> What you have to do:
Below are entries; copy exactly, and only, the lines from the one containing "A beautifully crafted" through their final line, leaving out pictures.

> Data to examine:
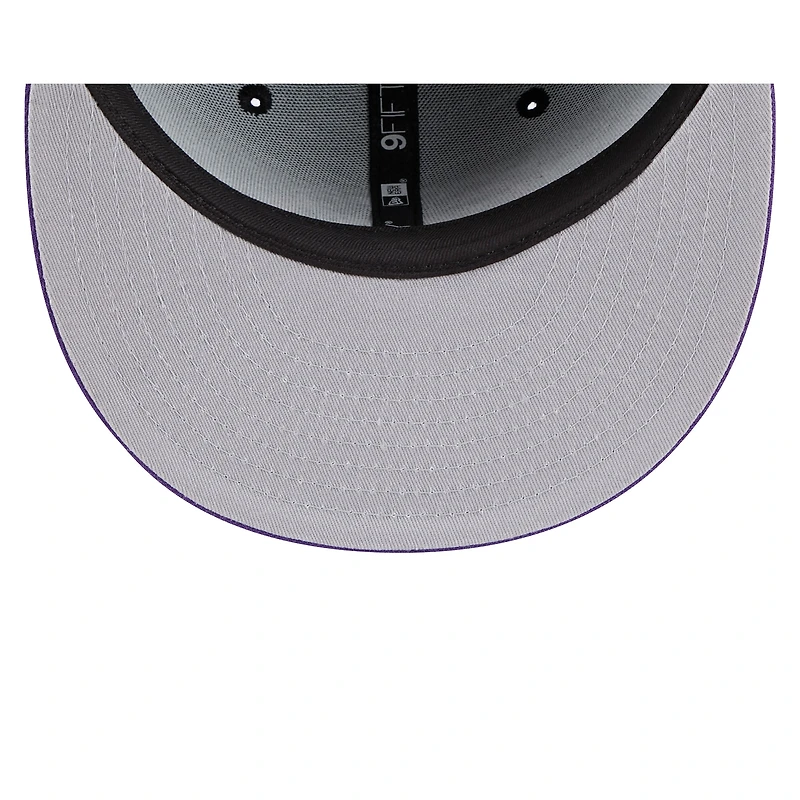 Men's New Era Black/Purple Toronto Raptors 2024/25 City Edition 9FIFTY Snapback Hat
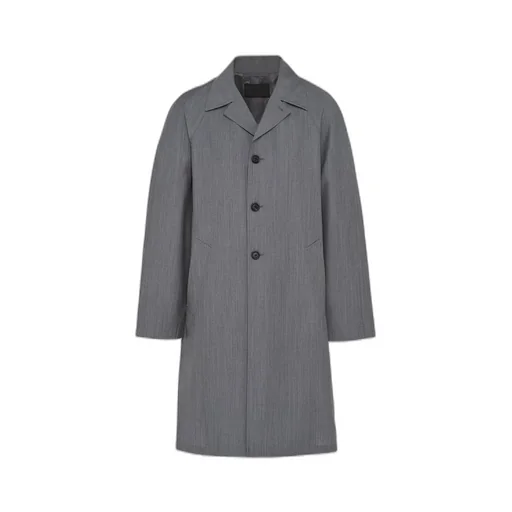 Wool and mohair coat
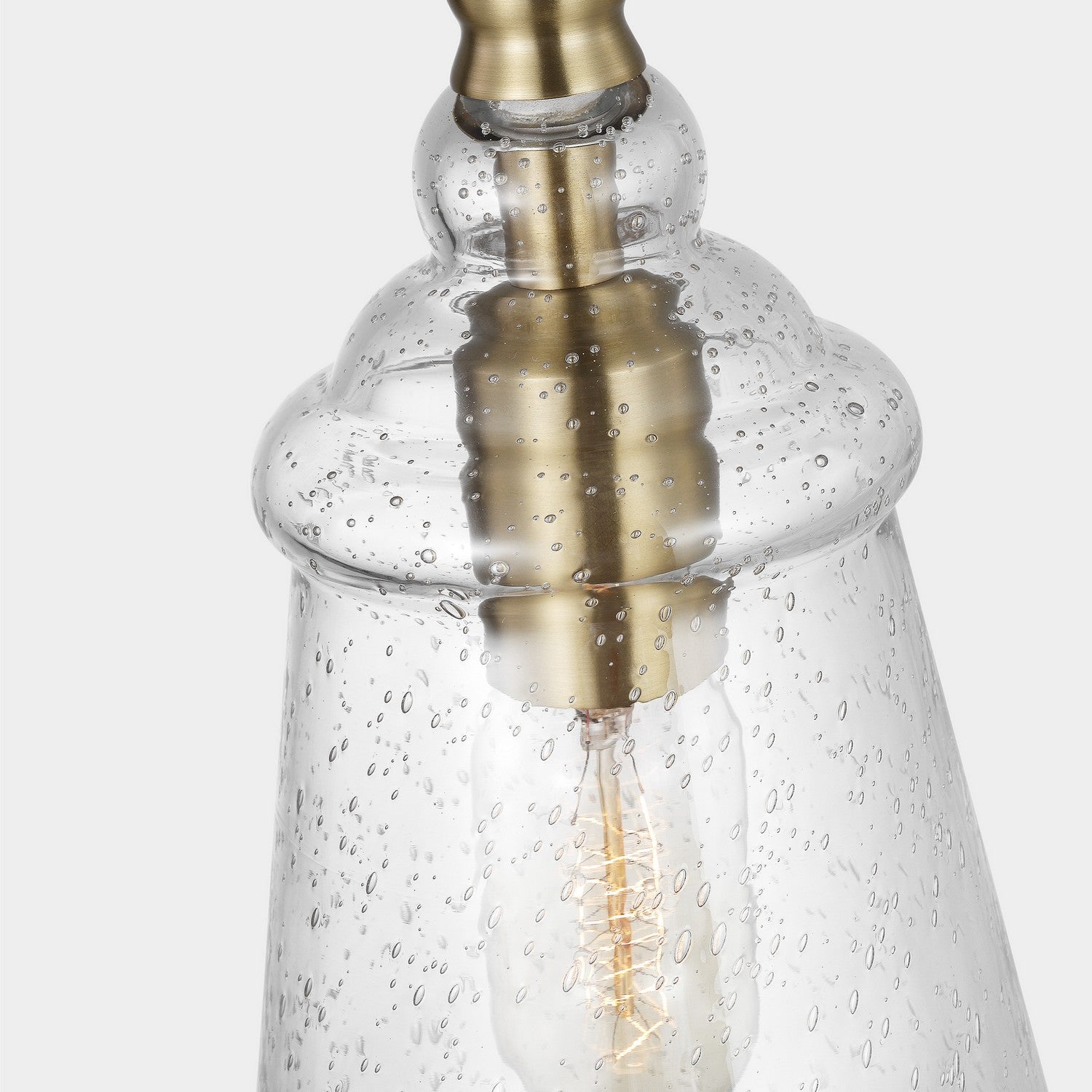 Generation Lighting - P1449SB - One Light Mini Pendant - Loras - Satin Brass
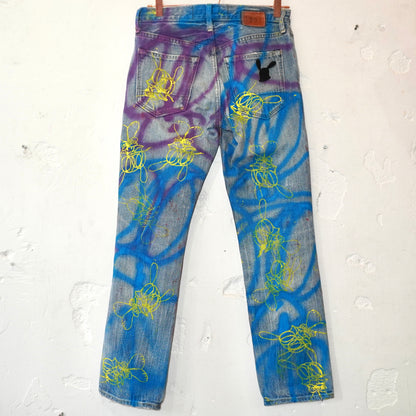 SKOLOCT SPRAY PAINTED JEANS - 29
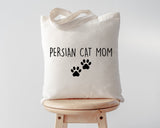 Persian Cat Mom Tote Bag | Long Handle Bags - 2384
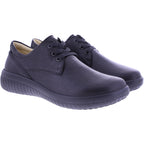 Fidelio | Genny | Schwarz Rocky | Leder | Multistretch | Weite: G½ | Damen Schnürer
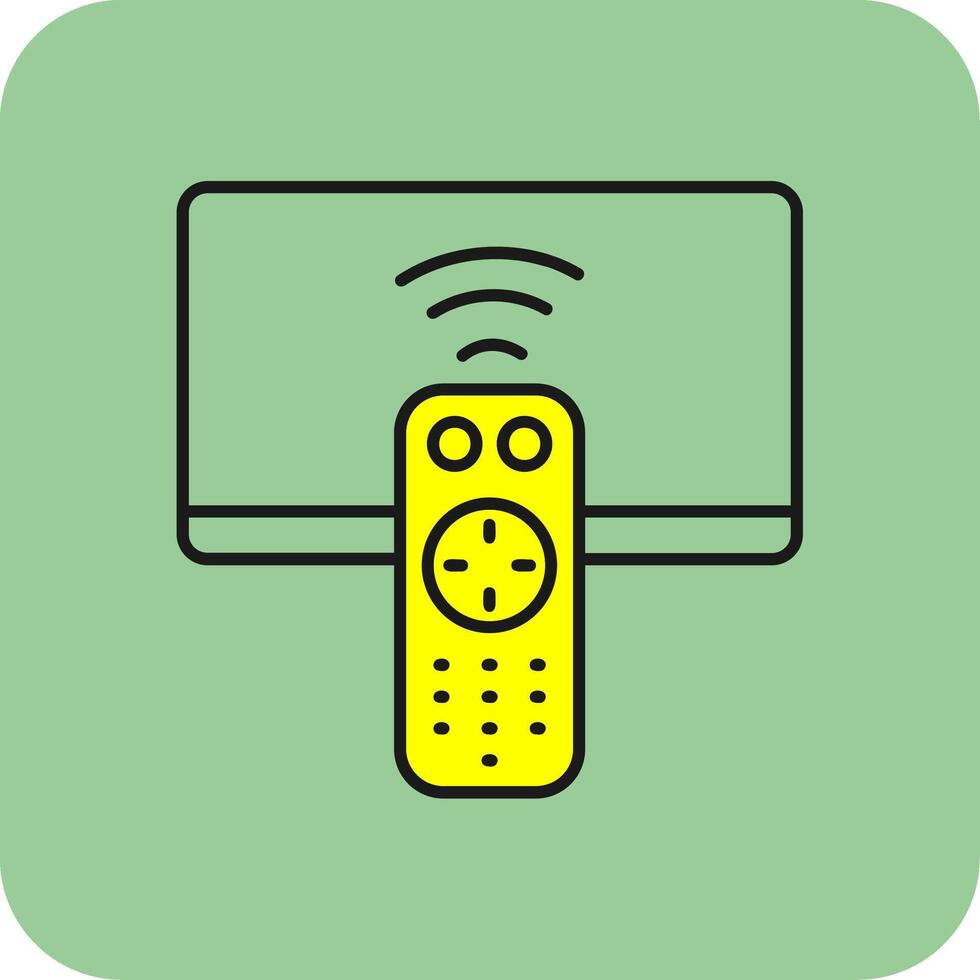 Remote Filled Yellow Icon vector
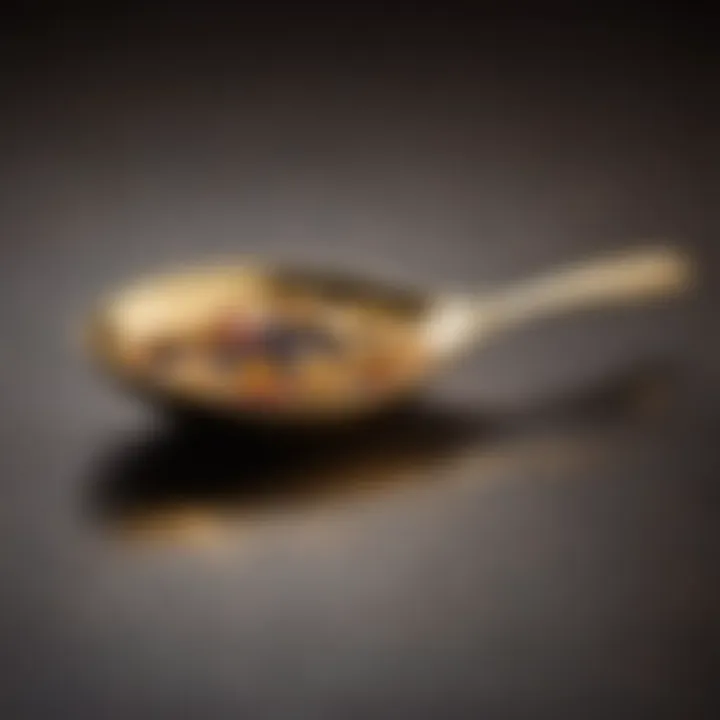 A beautifully crafted Di Oro spoon reflecting cultural heritage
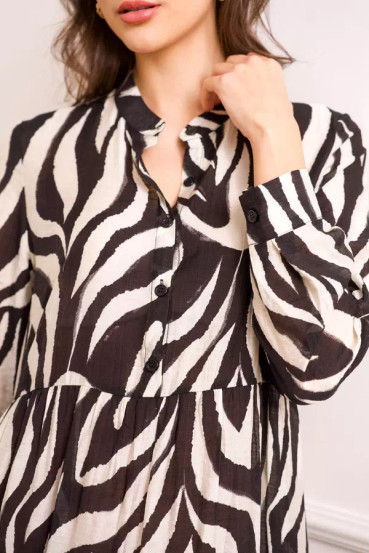 Diiva mekko Zebra kuviolla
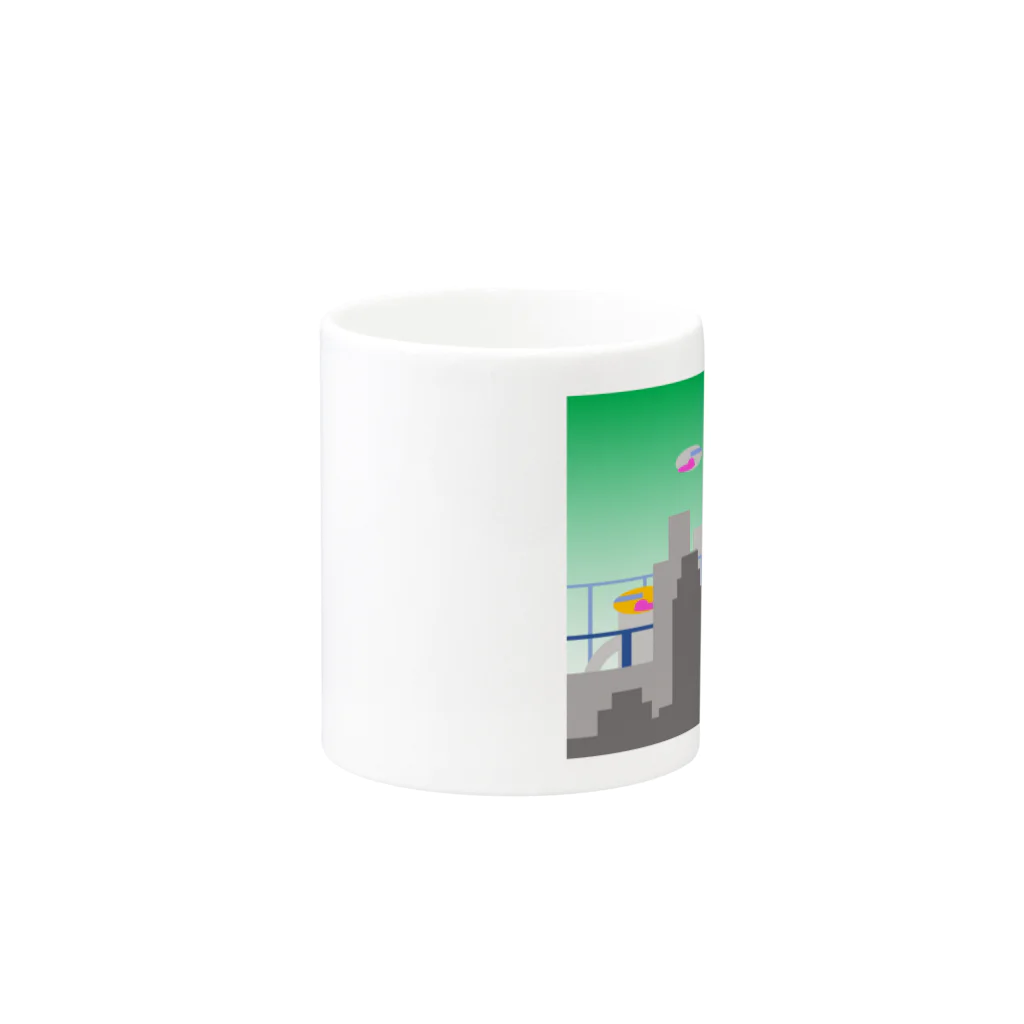 ピアンポン -phangpon-のFUTURE CITY（街並） Mug :other side of the handle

> Reply to the task:
 A beautifully crafted Di Oro spoon reflecting cultural heritage
 Diiva mekko Zebra kuviolla
 ピアンポン -phangpon-のFUTURE CITY（街並） Mug :other side of the handle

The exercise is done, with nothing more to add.